Dr Teachey added, "We could find out that this doesn't really have any clinical implications, that they get a virus that causes some irritation to their blood vessels, but they're children, they can heal and get better from lots of different things.”
He further added, "Or we could find that in a percentage of children with SARS-CoV-2 infection who seem relatively healthy, it could be causing some damage to blood vessels that could lead to long-term complications."
Chief of cardiology at Lurie Children's Hospital and Northwestern University in Chicago, Illinois, Dr Stuart Berger, MD, agreed that the study finding points to an important area of research.
He said, "It may not help us today or tomorrow, but it raises some interesting concepts about the pathophysiology. For instance, if sC5b9 proves to be a reliable predictive biomarker for MIS-C, it could help determine which children who test positive for SARS-CoV-2 should be closely followed.”

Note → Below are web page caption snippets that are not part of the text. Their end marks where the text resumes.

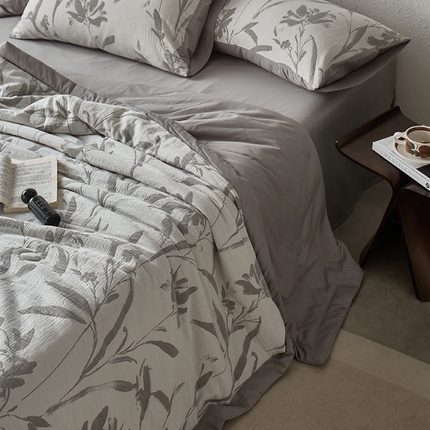 91家纺网 家纺一手货源 找家纺 宜代光年 2025新款60s水洗棉提花夏被套件 林逾静-灰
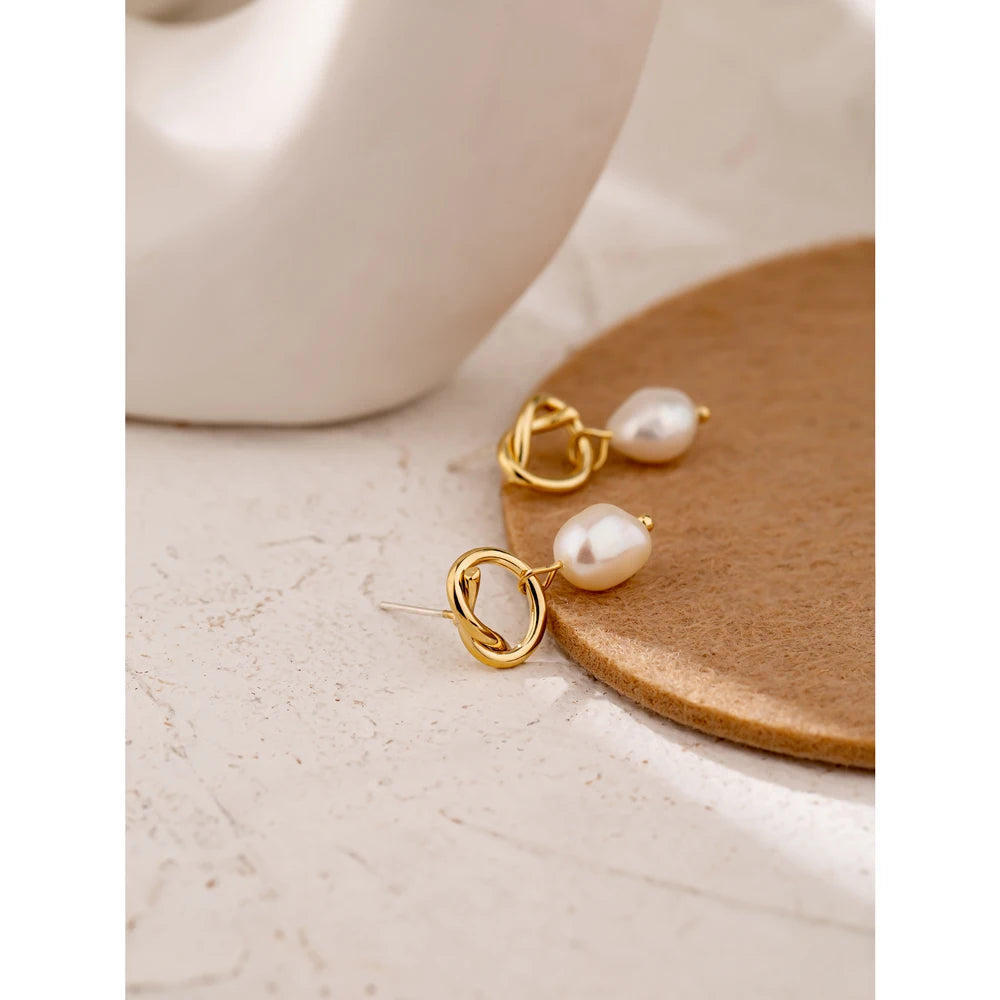Freshwater pearl minimalist geometric earrings in copper with freshwater pearl.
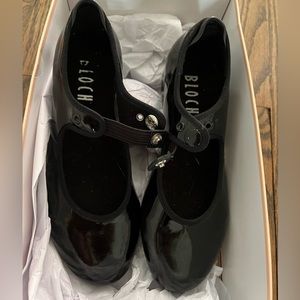 Annie Tyette Bloch tap shoes size 1.5 black like new used for one performance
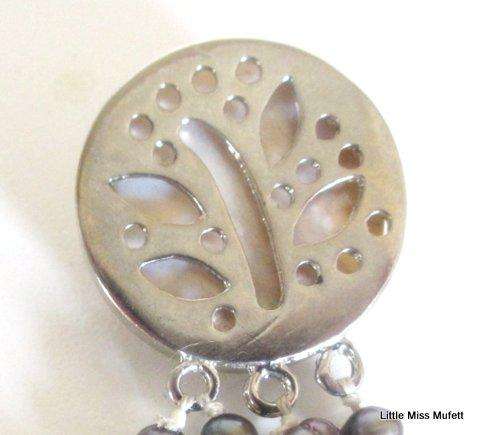 A BEAUTIFULLY TONED FRESH WATER PEARL 3 STRING BRACELET WITH A LARGE MOTHER OF PEARL CLASP
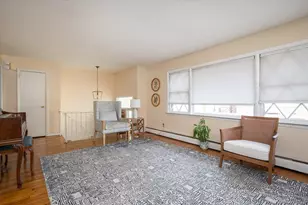 7 Stein St, Valley Stream, NY 11580 - Photo 4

Should additional and further research confirm the importance of complement proteins in TMA, then existing drugs that target these proteins might prove useful.
A potential pharmaceutical candidate such drug, eculizumab, is a key treatment for hematopoietic stem cell transplant–associated TMA. However, these treatments would likely be reserved for the most severely ill because of associated side effects. Blood thinners could also have a role. https://pubmed.ncbi.nlm.nih.gov/32369610/
The study team concluded, “We have shown that terminal complement activation is present in children across the spectrum of SARS-CoV-2 infection and that a high proportion of these children met clinical criteria for TMA. Elevations in sC5b9 occur independently of other laboratory markers associated with COVID-19 and MIS-C, and are associated with evidence of renal dysfunction. Although additional studies are clearly needed, evaluation for clinical TMA and complications of TMA should be considered in hospitalized children with SARS-CoV-2. The long-term implications of complement activation and TMA in these children need to be studied.”